Minimal neuron ablation triggers catastrophic collapse in the language core of Large Vision-Language Models
Cen Lu 1, Yung-Chen Tang 1, Andrea Cavallaro 1,2
Published on arXiv
2512.00918
Model Poisoning
OWASP ML Top 10 — ML10
Key Finding
Masking only 4 neurons in LLaVA-1.5-7b-hf's language model FFN down-projection layer triggers catastrophic output collapse (repetitive sequences or empty outputs) across all inputs, revealing an extreme structural vulnerability concentrated in the language core of VLMs.
CAN (Consistently Activated Neurons)
Novel technique introduced
Large Vision-Language Models (LVLMs) have shown impressive multimodal understanding capabilities, yet their robustness is poorly understood. In this paper, we investigate the structural vulnerabilities of LVLMs to identify any critical neurons whose removal triggers catastrophic collapse.
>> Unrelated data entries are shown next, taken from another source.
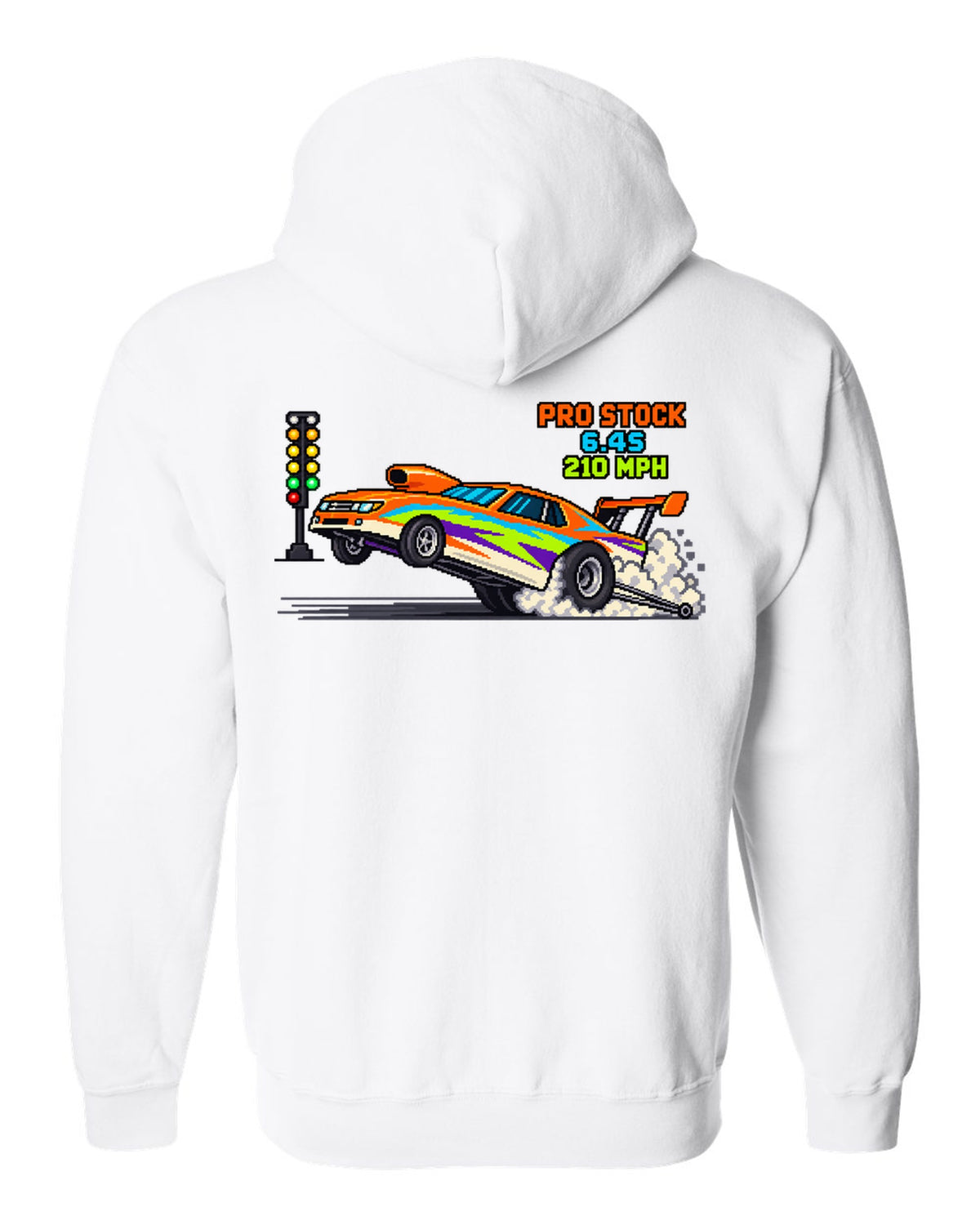 8-bit pixel art Pro Stock drag car launching with 6.4S 210 MPH lettering white zip hoodie back view with the design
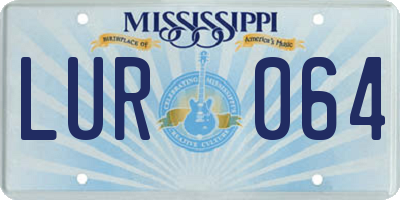MS license plate LUR064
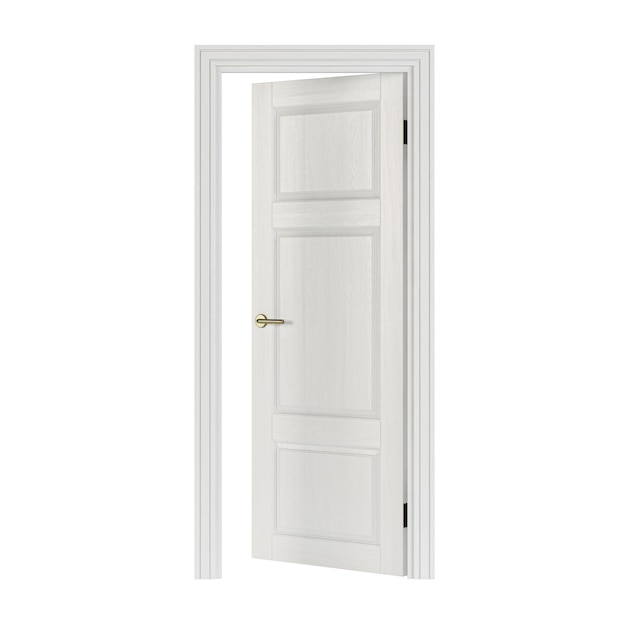 Door isolated on white background. 3D rendering.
In this context, we propose CAN, a method to detect Consistently Activated Neurons and to locate critical neurons by progressive masking. Experiments on LLaVA-1.5-7b-hf and InstructBLIP-Vicuna-7b reveal that masking only a tiny portion of the language model's feed-forward networks (just as few as four neurons in extreme cases) suffices to trigger catastrophic collapse. Notably, critical neurons are predominantly localized in the language model rather than in the vision components, and the down-projection layer is a particularly vulnerable structure. We also observe a consistent two-stage collapse pattern: initial expressive degradation followed by sudden, complete collapse. Our findings provide important insights for safety research in LVLMs.
Key Contributions
- Proposes CAN (Consistently Activated Neurons), a method to detect consistently activated neurons and rank critical neurons in LVLMs via progressive masking across vision encoder, cross-modal alignment, and language model components.
- Demonstrates that masking as few as four neurons in the language model FFN of LLaVA-1.5-7b-hf triggers catastrophic collapse — an extreme structural fragility far beyond prior findings on domain-specific neuron ablation.
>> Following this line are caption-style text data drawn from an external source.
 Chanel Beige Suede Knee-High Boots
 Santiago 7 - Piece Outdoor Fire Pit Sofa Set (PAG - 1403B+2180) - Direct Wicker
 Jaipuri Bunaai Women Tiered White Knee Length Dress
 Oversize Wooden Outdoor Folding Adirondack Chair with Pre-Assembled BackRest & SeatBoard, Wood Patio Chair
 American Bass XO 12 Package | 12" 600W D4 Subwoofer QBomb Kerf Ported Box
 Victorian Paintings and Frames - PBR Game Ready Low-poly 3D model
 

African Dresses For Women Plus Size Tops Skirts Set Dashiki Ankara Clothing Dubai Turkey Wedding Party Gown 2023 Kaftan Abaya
- Identifies that critical neurons are predominantly localized in the language model (not vision components) and reveals a consistent two-stage collapse pattern: expressive degradation followed by sudden complete failure.
🛡️ Threat Analysis
The paper demonstrates that direct weight/parameter manipulation — masking as few as four specific neurons in the language model FFN — causes catastrophic model failure. Per the guidelines, direct weight/parameter manipulation attacks map to ML10. While the attack does not embed hidden triggered behavior in the classical backdoor sense, it exploits structural fragility through targeted weight modification to fully disable model functionality.